Part II: Planning and Control

  1. Value Iteration
    • Value iteration algorithm
    • Convergence properties
  2. Policy Iteration and Dynamic Programming
    • Policy iteration algorithm
    • Comparison with value iteration
  3. Continuous Control
    • Control in continuous state/action spaces
  4. Linear Quadratic Regulation (LQR)
  5. Nonlinear Control

Part III: Learning with Function Approximation

  1. Model-based RL
  2. Approximate Policy Iteration
  3. Conservative Policy Iteration
    • Safety in policy updates
    • Monotonic improvement

Part IV: Policy Optimization

  1. Optimization Background
    • Gradient descent fundamentals
    • Optimization landscape
  2. Policy Gradient Methods
  3. Advanced Policy Optimization

Part V: Exploration

  1. Multi-Armed Bandits
  2. Upper Confidence Bound (UCB)
    • UCB algorithm
    • Theoretical analysis
  3. Contextual Bandits
  4. Exploration in MDPs
    • Optimism under uncertainty
    • Count-based exploration

Part VI: Imitation Learning

  1. Behavioral Cloning
    • Supervised imitation learning
    • Distribution mismatch problem
  2. Interactive Imitation Learning
  3. Inverse Reinforcement Learning

Introduction to RL

Reinforcement learning (RL) is a framework for learning to make sequential decisions by interacting with an environment. An agent learns to maximize cumulative reward through trial and error.

Key concepts:

  • Agent: The learner/decision maker
  • Environment: What the agent interacts with
  • State: Current situation of the agent
  • Action: Choices available to the agent
  • Reward: Feedback signal from the environment
  • Policy: Strategy that maps states to actions

MDPs and Bellman Equations

MDP Basics

A Markov Decision Process (MDP) is defined by the tuple \((\mathcal{S}, \mathcal{A}, P, R, \gamma)\):

  • \(\mathcal{S}\): State space
  • \(\mathcal{A}\): Action space
  • \(P(s’ \mid s,a)\): Transition dynamics
  • \(R(s,a)\): Reward function
  • \(\gamma \in [0,1]\): Discount factor

Markov property: The future is independent of the past given the present: \(P(s_{t+1} | s_t, a_t, s_{t-1}, a_{t-1}, \dots, s_0, a_0) = P(s_{t+1} | s_t, a_t)\)

Value functions:

  • State value function \(V^\pi(s)\): Expected return starting from state \(s\) following policy \(\pi\)

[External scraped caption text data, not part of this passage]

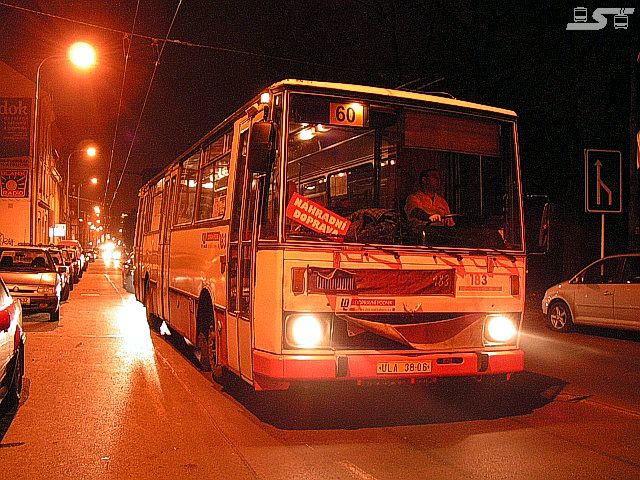 183 na nhradn doprav u aldovy, v mst byla dopravn nehoda znemoujc prjezd trolejbusm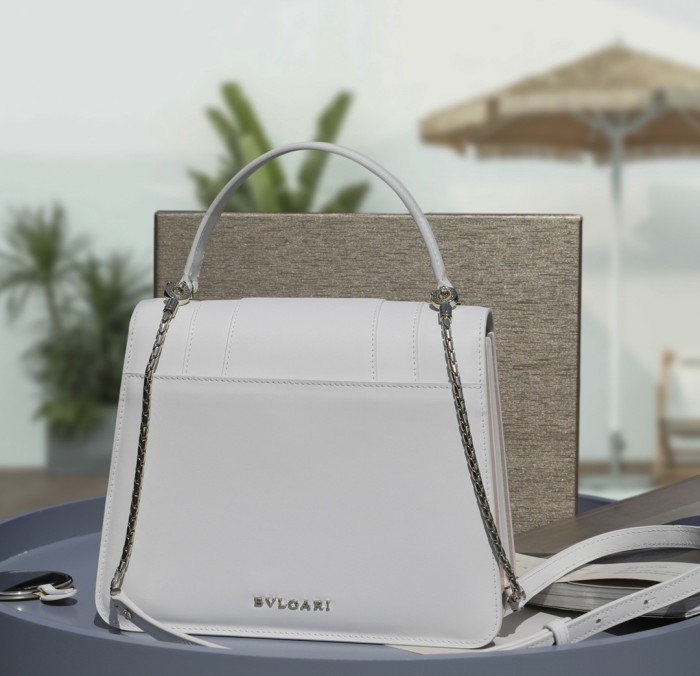  Handbags Bvlgari 3833091150 size:22.5*18.5*11 cm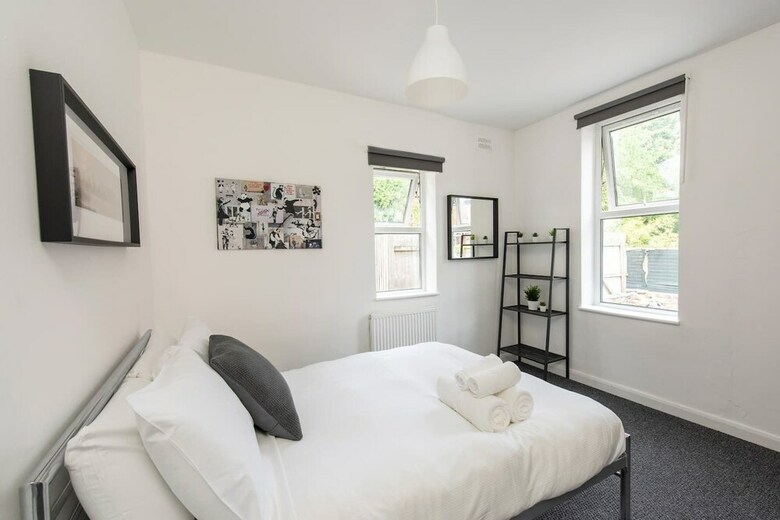 Modern Sleeps 5 - 1br Home In Manchester
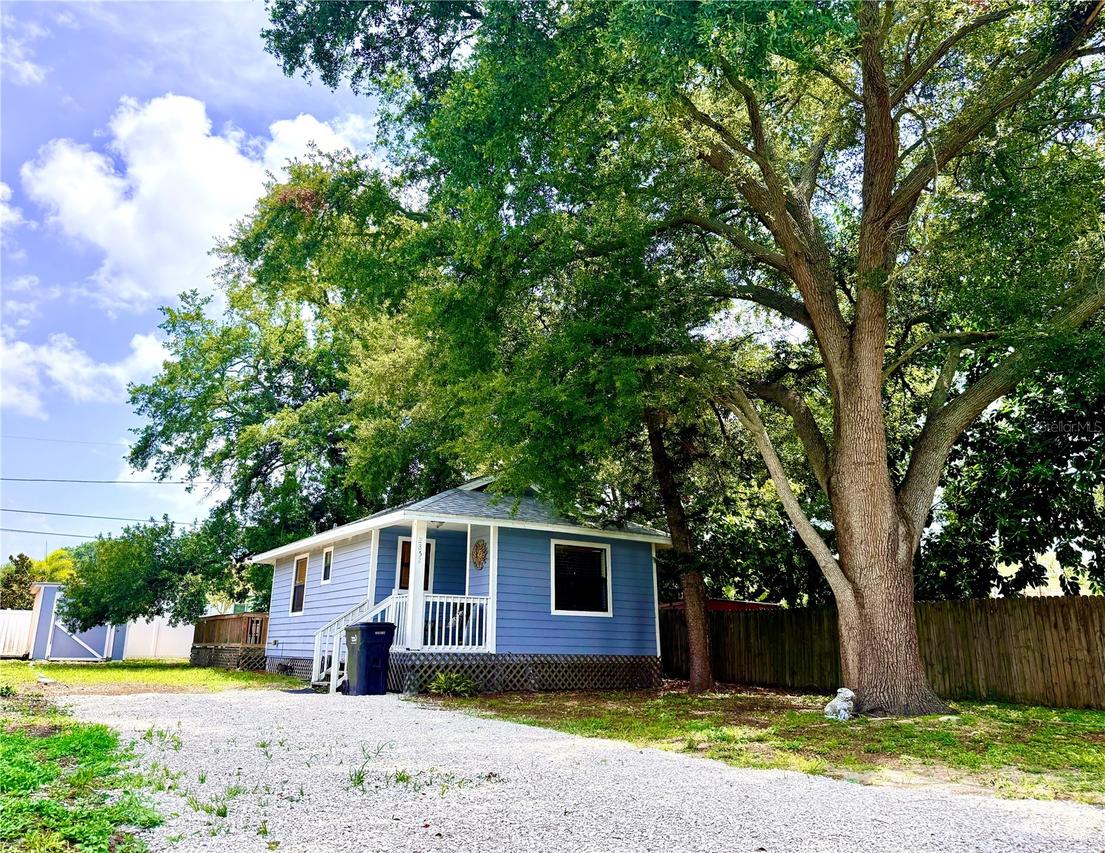 2852 59th Ave., St Petersburg, FL 33714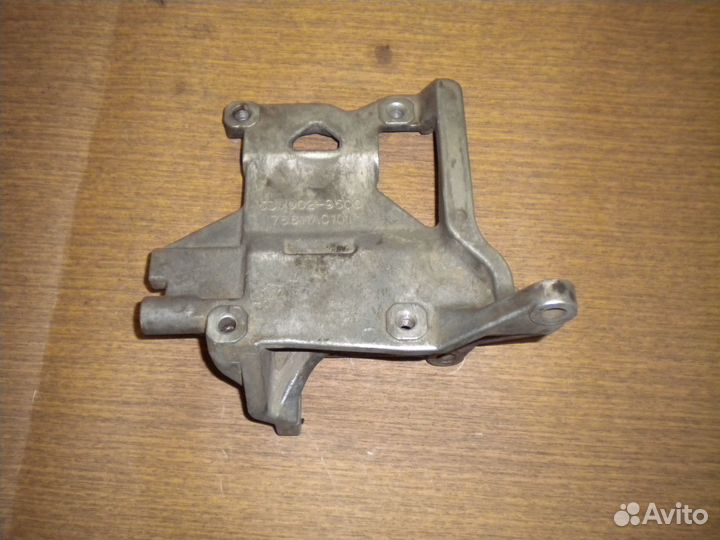 Крепление кондиционера Subaru Impreza GF2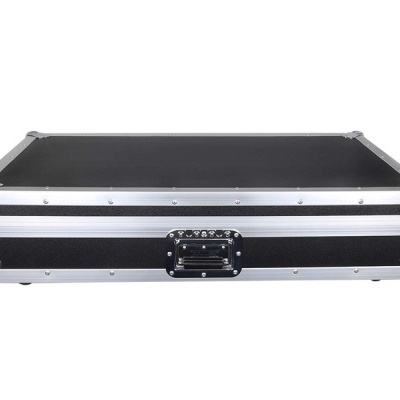 Mala rígida de transporte preta com acabamento metálico e fechadura frontal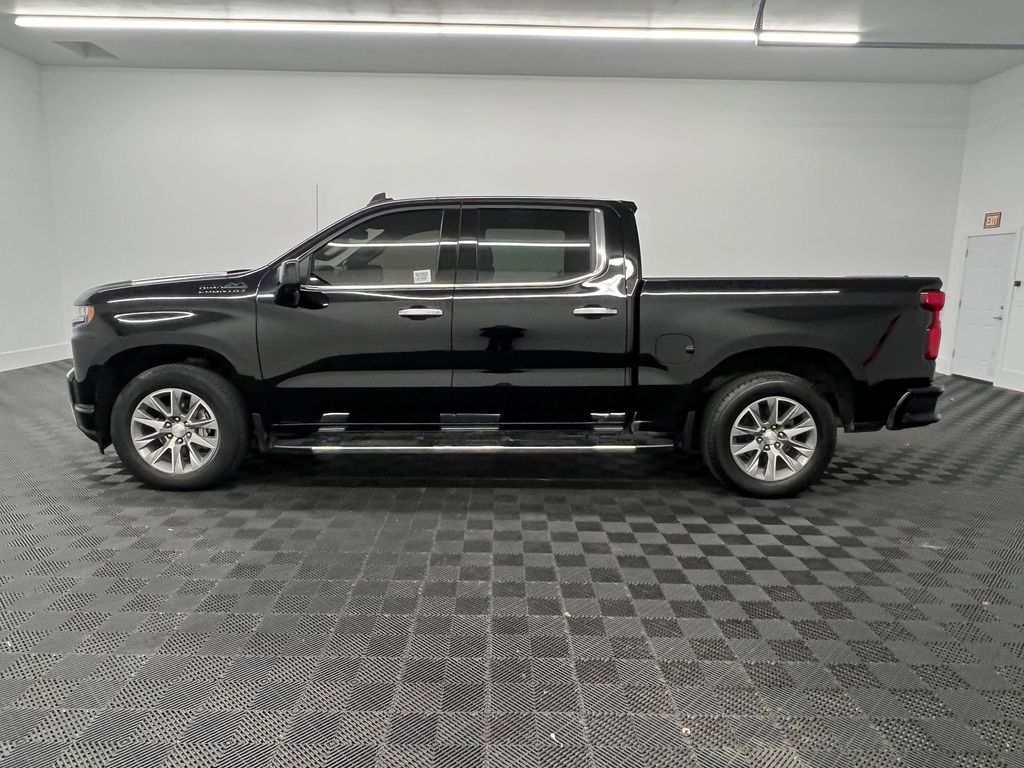 2022 Chevrolet Silverado 1500 High Country photo 2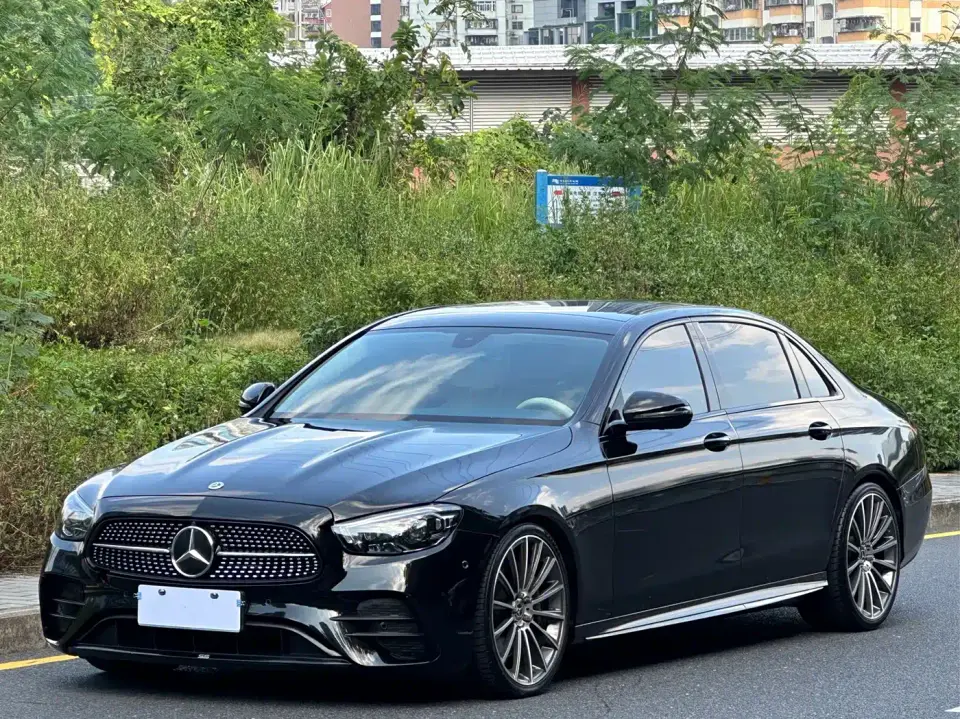 Mercedes-Benz E-Class Facelift E 300 L Sport Fashion Style 2022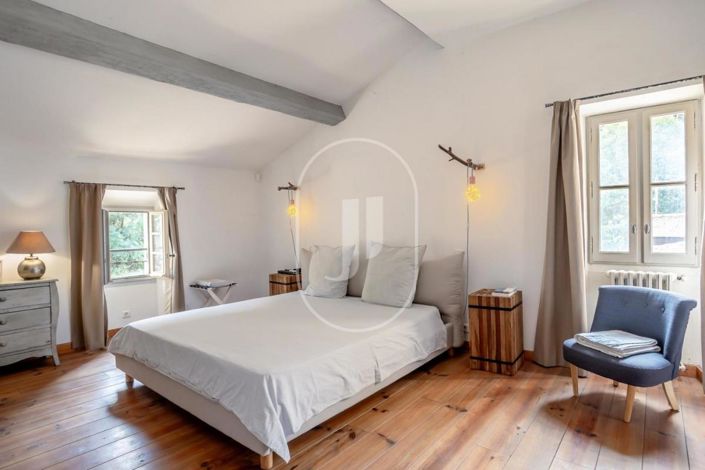 Image No.8-6 Bed House for sale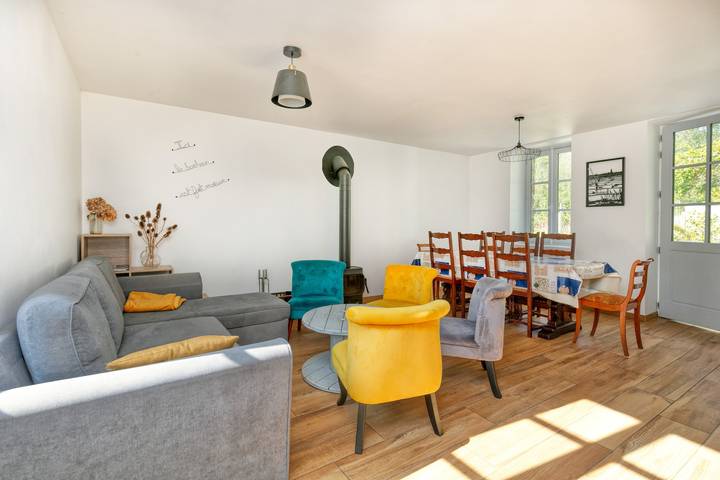 Gîte Chaumière De La Butte, Jardin Privé et Wi-Fi in Marais de la Grande Brière, Saint-Joachim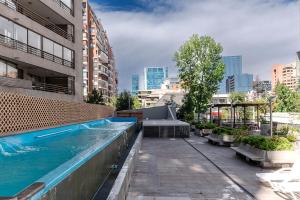 Vista a la cordillera y terraza en Las Condes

    \[V^\pi(s) = \mathbb{E}_\pi\left[\sum_{t=0}^\infty \gamma^t r_t \mid s_0 = s\right]\]
  • Action value function \(Q^\pi(s,a)\): Expected return starting from state \(s\), taking action \(a\), then following policy \(\pi\)

    \[Q^\pi(s,a) = \mathbb{E}_\pi\left[\sum_{t=0}^\infty \gamma^t r_t \mid s_0 = s, a_0 = a\right]\]

Bellman equations:

\[V^\pi(s) = \sum_a \pi(a|s) \sum_{s'} P(s'|s,a)[R(s,a) + \gamma V^\pi(s')]\] \[Q^\pi(s,a) = \sum_{s'} P(s'|s,a)[R(s,a) + \gamma \sum_{a'} \pi(a'|s') Q^\pi(s',a')]\]

Optimal Policy

The optimal policy \(\pi^*\) maximizes the value function for all states:

\[\pi^* = \arg\max_\pi V^\pi(s) \quad \forall s \in \mathcal{S}\]

Key property: There exists an optimal policy \(\pi^*\) that is better than or equal to all other policies for all states.

Bellman optimality equations:

\[V^*(s) = \max_a \sum_{s'} P(s'|s,a)[R(s,a) + \gamma V^*(s')]\] \[Q^*(s,a) = \sum_{s'} P(s'|s,a)[R(s,a) + \gamma \max_{a'} Q^*(s',a')]\]

The optimal policy can be extracted from \(Q^*\):

\[\pi^*(s) = \arg\max_a Q^*(s,a)\]

State-Action Distributions

The state-action visitation distribution under policy \(\pi\):

\[d^\pi(s,a) = (1-\gamma)\sum_{t=0}^\infty \gamma^t P(s_t=s, a_t=a | \pi)\]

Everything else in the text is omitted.